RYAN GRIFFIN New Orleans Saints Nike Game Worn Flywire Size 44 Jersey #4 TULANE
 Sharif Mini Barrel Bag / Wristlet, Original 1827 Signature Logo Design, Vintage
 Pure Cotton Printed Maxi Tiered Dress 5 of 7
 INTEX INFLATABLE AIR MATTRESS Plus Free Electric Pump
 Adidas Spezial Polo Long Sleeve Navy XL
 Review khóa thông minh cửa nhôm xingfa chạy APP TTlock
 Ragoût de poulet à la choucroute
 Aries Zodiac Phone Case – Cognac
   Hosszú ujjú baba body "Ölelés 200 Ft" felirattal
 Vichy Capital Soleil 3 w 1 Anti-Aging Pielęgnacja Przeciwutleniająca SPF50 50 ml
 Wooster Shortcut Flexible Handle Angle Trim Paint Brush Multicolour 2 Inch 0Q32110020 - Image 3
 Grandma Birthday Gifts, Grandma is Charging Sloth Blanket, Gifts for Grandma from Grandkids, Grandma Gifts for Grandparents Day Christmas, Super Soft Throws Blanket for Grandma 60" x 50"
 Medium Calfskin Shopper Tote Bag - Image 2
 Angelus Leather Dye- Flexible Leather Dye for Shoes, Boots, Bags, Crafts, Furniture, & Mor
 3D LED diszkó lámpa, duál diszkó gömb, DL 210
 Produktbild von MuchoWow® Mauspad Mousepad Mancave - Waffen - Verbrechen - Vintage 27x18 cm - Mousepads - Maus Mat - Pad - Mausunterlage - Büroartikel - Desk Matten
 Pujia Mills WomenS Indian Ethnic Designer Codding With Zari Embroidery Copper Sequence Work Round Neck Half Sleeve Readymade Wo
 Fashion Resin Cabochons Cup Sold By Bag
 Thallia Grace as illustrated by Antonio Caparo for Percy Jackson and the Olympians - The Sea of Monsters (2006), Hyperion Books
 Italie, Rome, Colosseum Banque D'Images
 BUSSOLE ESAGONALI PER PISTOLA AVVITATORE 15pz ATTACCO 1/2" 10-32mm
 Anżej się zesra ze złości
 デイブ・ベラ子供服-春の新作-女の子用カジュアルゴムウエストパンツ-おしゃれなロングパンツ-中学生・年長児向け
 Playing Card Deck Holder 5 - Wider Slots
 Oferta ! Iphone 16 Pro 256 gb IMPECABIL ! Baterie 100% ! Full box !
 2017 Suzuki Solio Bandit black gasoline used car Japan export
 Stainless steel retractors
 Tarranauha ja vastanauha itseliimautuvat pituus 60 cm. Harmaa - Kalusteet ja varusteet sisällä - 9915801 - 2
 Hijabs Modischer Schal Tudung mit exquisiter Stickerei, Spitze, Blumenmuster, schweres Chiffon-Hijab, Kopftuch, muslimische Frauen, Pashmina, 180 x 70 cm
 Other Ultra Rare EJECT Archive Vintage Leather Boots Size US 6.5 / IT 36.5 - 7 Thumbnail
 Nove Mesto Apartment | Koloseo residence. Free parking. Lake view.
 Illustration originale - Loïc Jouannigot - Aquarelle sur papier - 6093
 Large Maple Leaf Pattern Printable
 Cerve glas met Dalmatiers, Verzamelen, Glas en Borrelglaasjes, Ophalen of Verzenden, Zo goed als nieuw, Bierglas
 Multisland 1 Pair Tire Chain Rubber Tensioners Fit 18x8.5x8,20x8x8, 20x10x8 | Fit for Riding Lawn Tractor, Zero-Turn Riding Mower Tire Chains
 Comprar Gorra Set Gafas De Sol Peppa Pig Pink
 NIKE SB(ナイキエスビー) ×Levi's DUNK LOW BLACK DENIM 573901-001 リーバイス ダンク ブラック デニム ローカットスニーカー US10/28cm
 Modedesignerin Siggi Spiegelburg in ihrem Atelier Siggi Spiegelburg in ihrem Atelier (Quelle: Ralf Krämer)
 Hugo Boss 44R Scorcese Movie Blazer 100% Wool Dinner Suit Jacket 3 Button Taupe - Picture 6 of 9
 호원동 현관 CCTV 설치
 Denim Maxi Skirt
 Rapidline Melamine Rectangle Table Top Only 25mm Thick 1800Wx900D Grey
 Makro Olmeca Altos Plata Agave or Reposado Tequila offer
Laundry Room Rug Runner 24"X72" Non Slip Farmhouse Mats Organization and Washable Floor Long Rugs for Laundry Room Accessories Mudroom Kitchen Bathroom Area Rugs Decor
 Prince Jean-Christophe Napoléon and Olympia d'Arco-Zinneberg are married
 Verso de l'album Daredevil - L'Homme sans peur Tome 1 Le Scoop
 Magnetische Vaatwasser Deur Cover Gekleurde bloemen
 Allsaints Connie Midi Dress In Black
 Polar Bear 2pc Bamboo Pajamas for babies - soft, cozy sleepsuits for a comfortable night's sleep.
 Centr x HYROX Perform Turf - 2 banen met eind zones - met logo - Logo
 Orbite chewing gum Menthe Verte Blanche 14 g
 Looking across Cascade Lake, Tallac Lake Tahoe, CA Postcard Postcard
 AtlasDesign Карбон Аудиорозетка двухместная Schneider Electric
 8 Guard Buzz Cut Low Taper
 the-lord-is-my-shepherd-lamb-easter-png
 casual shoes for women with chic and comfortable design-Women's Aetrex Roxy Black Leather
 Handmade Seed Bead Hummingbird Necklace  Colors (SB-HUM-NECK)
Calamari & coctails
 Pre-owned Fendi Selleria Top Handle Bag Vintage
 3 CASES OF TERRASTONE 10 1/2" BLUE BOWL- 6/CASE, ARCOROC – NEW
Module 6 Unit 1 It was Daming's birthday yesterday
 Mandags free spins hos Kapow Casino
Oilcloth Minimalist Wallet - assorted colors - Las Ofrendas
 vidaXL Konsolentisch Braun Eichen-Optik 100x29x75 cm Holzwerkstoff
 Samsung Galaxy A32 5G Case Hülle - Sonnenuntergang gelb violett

====

» **Required action**
Copy every line that contains "comfortable" from the listing above.

» **Solved exercise**
 Polar Bear 2pc Bamboo Pajamas for babies - soft, cozy sleepsuits for a comfortable night's sleep.
 casual shoes for women with chic and comfortable design-Women's Aetrex Roxy Black Leather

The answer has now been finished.